(Prompt): Among the lines of the listing below, retype exactly those from the one containing "submit your image to 15 photo sharing sites" through the one containing "AuthDNS-IX nodes daily graph", both included. Do not include pictures.
--- Dataset content Enclosed Below ---
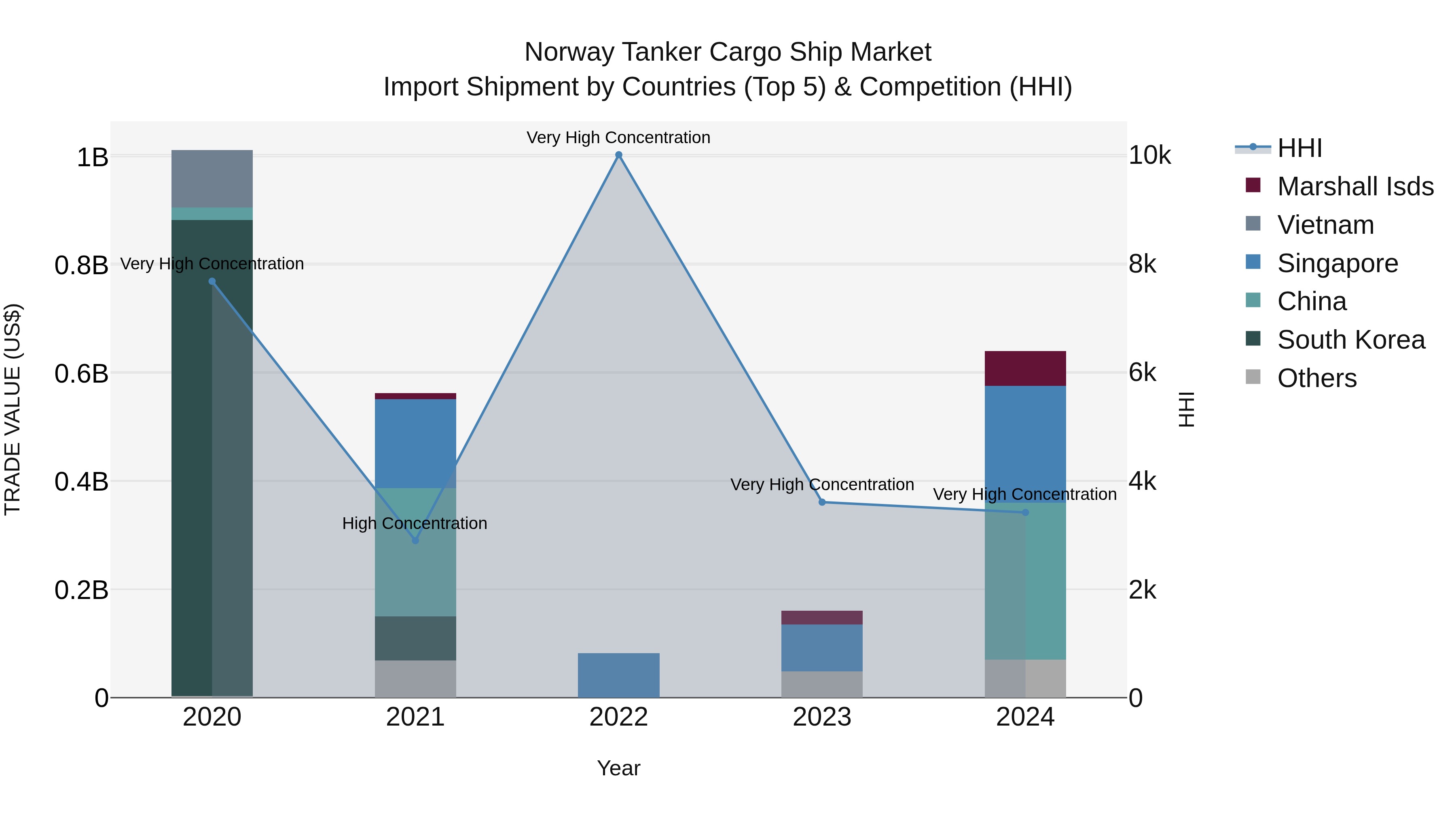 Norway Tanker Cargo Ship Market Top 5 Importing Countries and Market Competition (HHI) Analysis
--- End of Enclosed Dataset content ---
--- Dataset content Enclosed Below ---
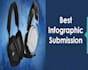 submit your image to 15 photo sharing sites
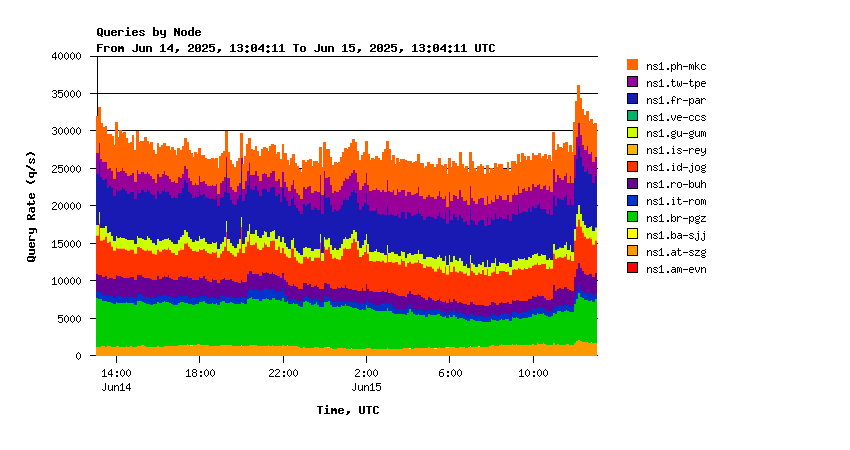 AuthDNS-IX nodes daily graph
--- End of Enclosed Dataset content ---
(Result of the task):
 submit your image to 15 photo sharing sites
 AuthDNS-IX nodes daily graph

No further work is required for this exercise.